Since none of the apartments would be available until turnover time in June, we would need to store our limited belongings somewhere in Hanover. Dr. Lafayette Noda, chairman of the Biochemistry department at Dartmouth Med, kindly offered the use of his barn on his farm in the village of Enfield, near Hanover. He had a wonderful house built in the 1700s, where he and his wife, Mayme, lived with their children. I was envious. It would be a dream to reside in a restored dwelling, dating back to colonial times. We gratefully left our first load of stuff with him.
However, we should have arrived on our final journey to his farm one day earlier than we did. The night before our second arrival in June, his dog had chased a skunk into the barn. The black and white critter stood his ground; his presence would last for the first month of our life in New Hampshire.

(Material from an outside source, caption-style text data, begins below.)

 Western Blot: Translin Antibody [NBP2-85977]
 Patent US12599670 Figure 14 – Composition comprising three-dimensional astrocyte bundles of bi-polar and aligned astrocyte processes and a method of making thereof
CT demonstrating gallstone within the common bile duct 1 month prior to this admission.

We were able to transfer our boxes to our new duplex, where their contents remained inside only at night. Every morning, we hauled much of our clothing and stuffed materials, our daughter’s toys, out to the yard. There they sat in the bright, warm sun of a summer’s day in New England. Each evening, they were carried back into the apartment, the door of which was kept open most of the time. We never did find out what our new neighbors thought about our actions. We did not ask. Ultimately, sunlight did its job and we were able to reacquire most of our clothing and Debbie’s toys. Fortunately, there is little rain in the Connecticut valley in June.
The duplex held the mandatory two families. Fortunately for our sharing family, the units were not side-by-side but joined back-to-back. Our front doors were not close; neither were the other units located at Rivercrest. We never really did get to know any of the young families living near us. Perhaps, our odorous entrance did have an effect. The man living behind us was a junior member of the ROTC faculty. He was addicted to cleanliness and order. Several times a week, especially during the winter, he would remove all of the chrome-work from his car and scour away the dirt and, in particular, the road salt that had collected there, and required his deepest attention.

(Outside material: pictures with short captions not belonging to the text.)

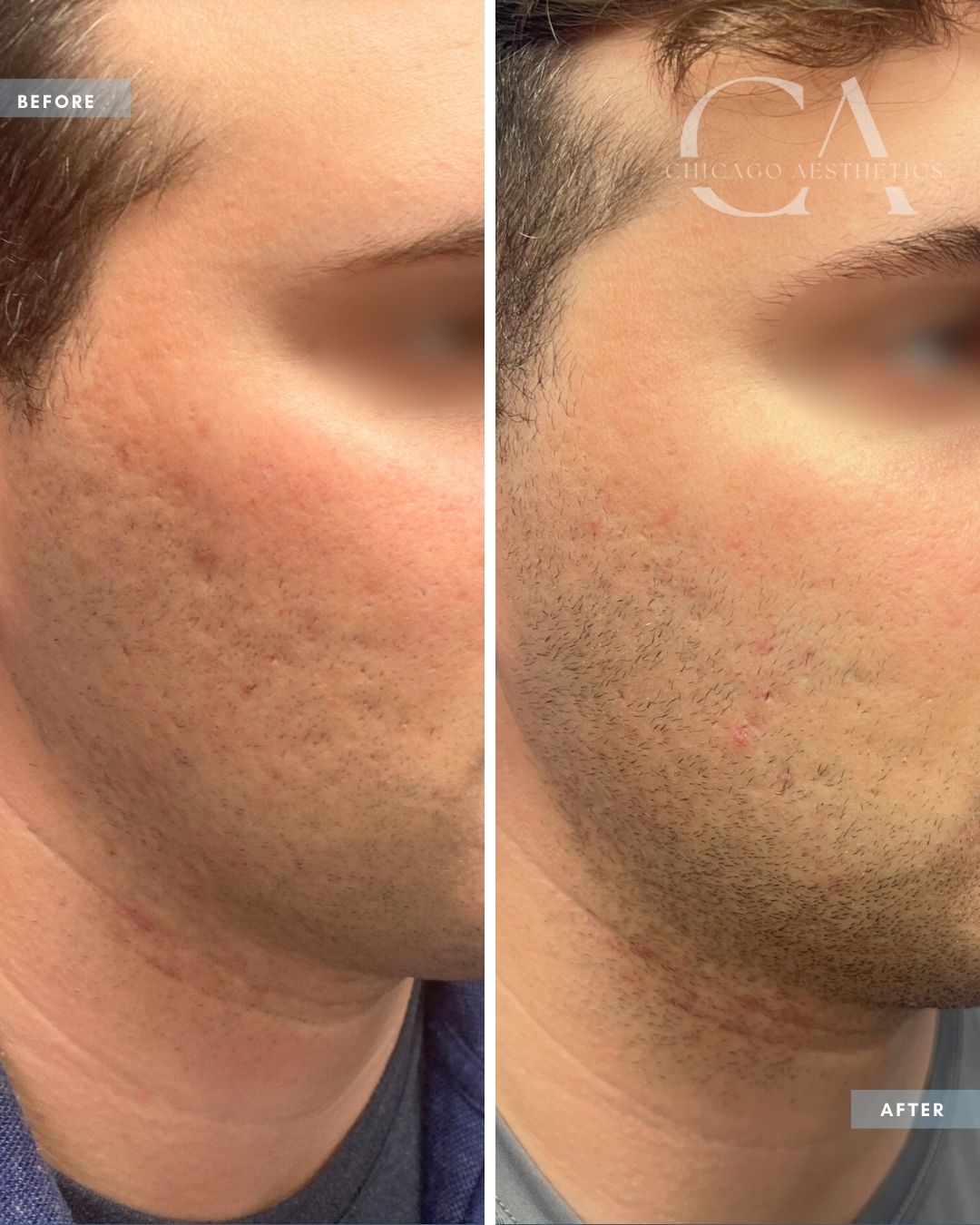 1989010 Morpheus 8 and IPL Alison Falada Chicago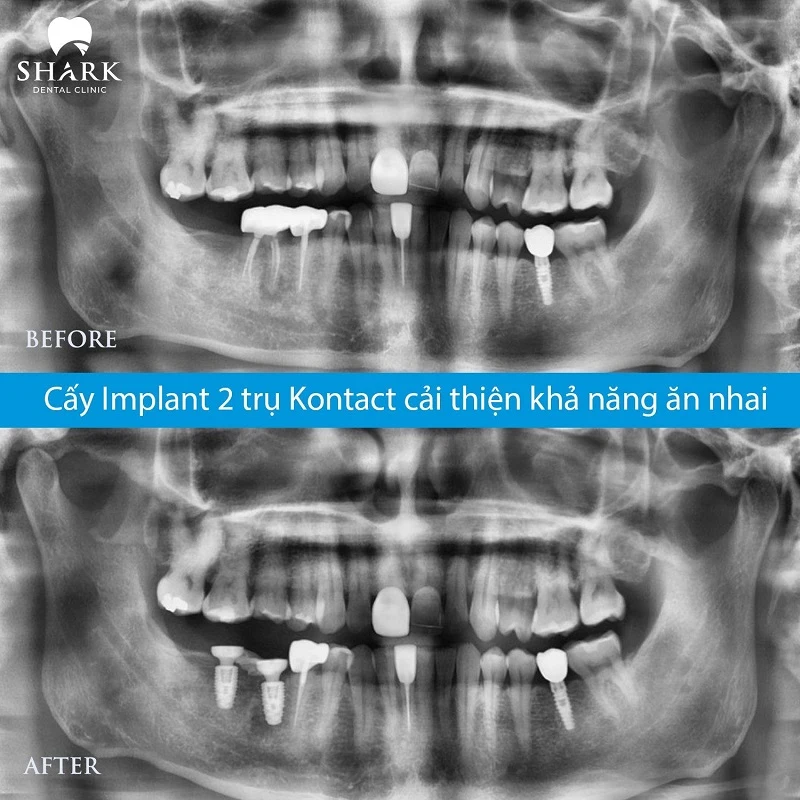 X-quang của khách trồng răng trụ Pháp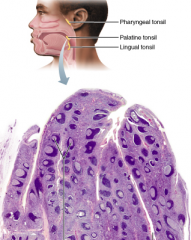 Which tonsil is located in the posterior wall of the nasopharynx and is referred to as the adenoids if it is enlarged?
A. palatine tonsils
B. tubal tonsils
C. pharyngeal tonsil
D. lingual tonsil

Our only neighborly interaction in the complex was the result of Pokey, a small beagle we had acquired for Debbie shortly after moving to Hanover. Pokey coveted anything left in the yards of our neighbors. Karen had the daily task of returning items to their owners. We never felt completely welcomed into the Hanover community during our first year. Fortunately, it didn’t last. The following spring, we moved into town.